## Data shown
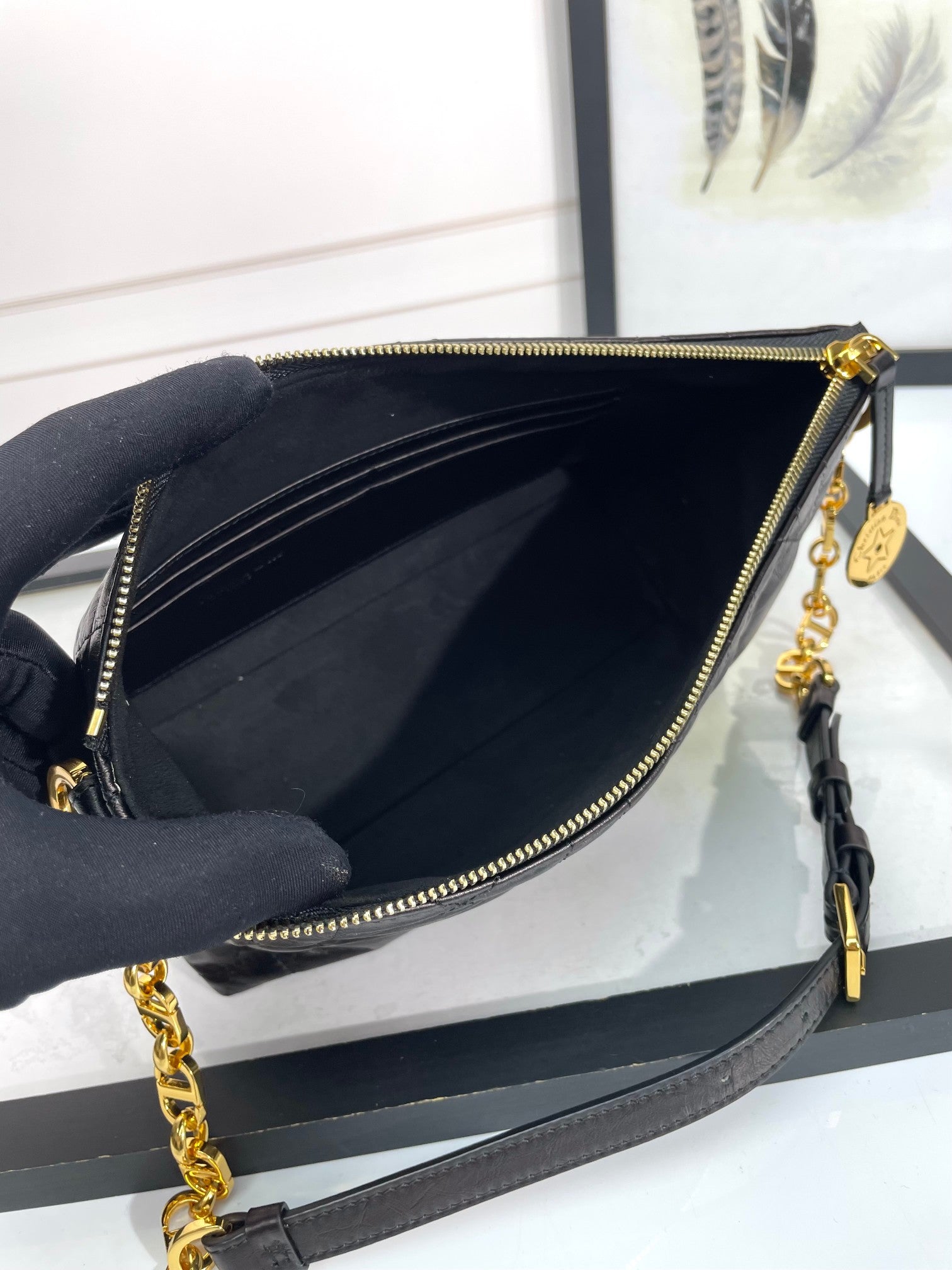 Dior Elegant Black Quilted Leather Shoulder Bag with Gold Chain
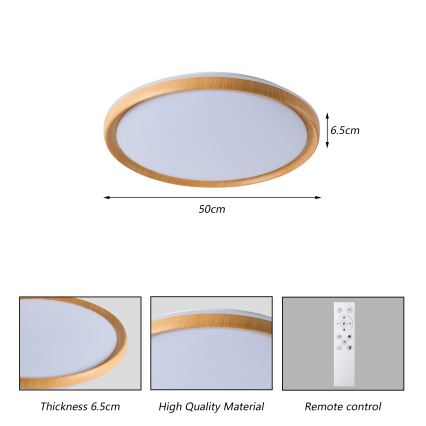 Brilagi - Luminaria de techo LED regulable RIVO LED/72W/230V 3000-6000K con acabado de madera Ø 50 cm + mando a distancia
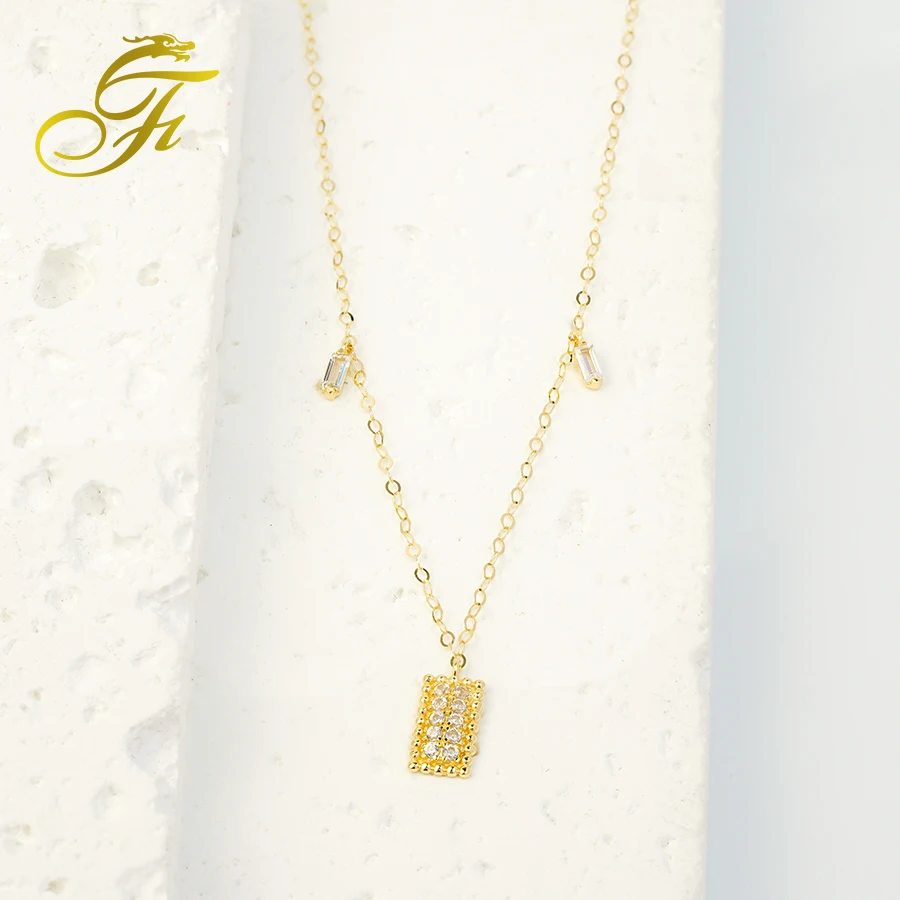 Customized Real 9K 14K 18K Name Necklace Jewelry square zircon choker wholesale price crystals fine jewelry beauty necklaces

## Required action
From the opening line of the listing above through the line bearing "Brilagi - Luminaria", repeat each line exactly. Drop every picture.

## Solution to this exercise
 Dior Elegant Black Quilted Leather Shoulder Bag with Gold Chain
 Brilagi - Luminaria de techo LED regulable RIVO LED/72W/230V 3000-6000K con acabado de madera Ø 50 cm + mando a distancia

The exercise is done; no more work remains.